From now until November, President Obama and GOP presidential candidate Mitt Romney will emphasize their differences. But the two men’s lives actually coincide in a striking number of ways. In this installment of NPR’s “Parallel Lives” series, a look at Obama’s time at their shared alma mater.

Harvard professor Laurence Tribe is a sort of legal rock star, particularly among liberals. First-year law students he has never met don’t just show up at his door saying, “I want to work for you.” At least they didn’t until March 31, 1989.

Tribe recently retrieved his daily calendar from that year and pointed to the entry for the last day in March. Just above reminders for “Haircut?” and “Write US Atty,” it says, “11 am: Barack Obama (1L),” indicating that this was a first-year law student.

“And then it has a phone number, which I guess is his dorm room,” Tribe pointed out, “and there’s an exclamation point next to it.”

That was to remind Tribe how impressed he was by this skinny kid in jeans, a sweatshirt and an afro.

Obama’s Harvard Law School education set him on a path to national prominence.
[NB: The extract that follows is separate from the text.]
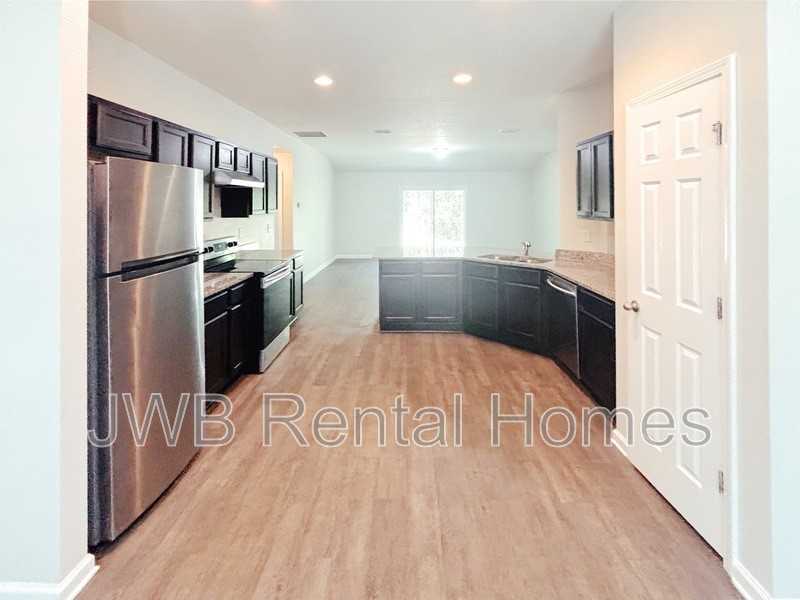 4016 Spring Glen Rd - Photo 3 of 36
And although likely Republican presidential nominee Mitt Romney sometimes attacks Obama for having “spent too much time at Harvard,” the school is one thing the men have in common.
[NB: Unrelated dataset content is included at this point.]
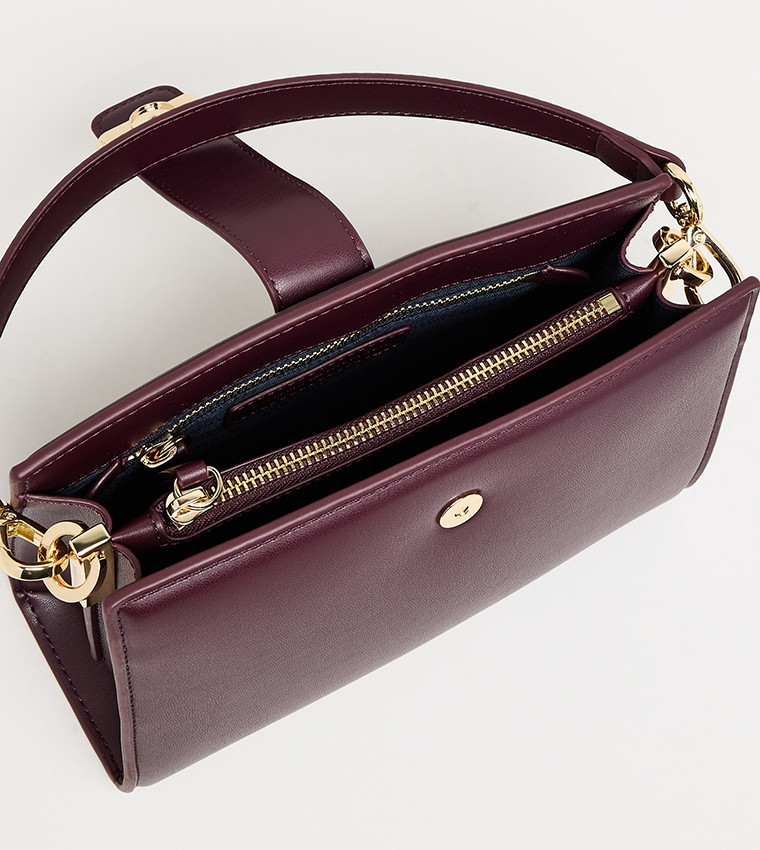 شنطة كتف بشعار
Obama arrived on the law school campus 20 years after Romney earned a joint degree from the law school and the business school.

Like Romney, Obama was older than the typical student. While Romney spent time as a Mormon missionary in France before Harvard, Obama worked as a community organizer in Chicago. When Obama arrived on campus, Tribe says it was clear that “he wanted to make a difference. He wanted to learn how the system worked.”

Finding Common Ground

Their first conversation lasted hours, and Obama went on to work for Tribe on articles and books, including one called Abortion: The Clash of Absolutes.

Tribe recalls that his research assistant tried to find a way out of deeply entrenched lines of the abortion debate, focusing instead on education and access to birth control. “It’s as though he was looking not just for a point in the middle of a spectrum, but for a line that was perpendicular, so that one could get outside the tragic choice.”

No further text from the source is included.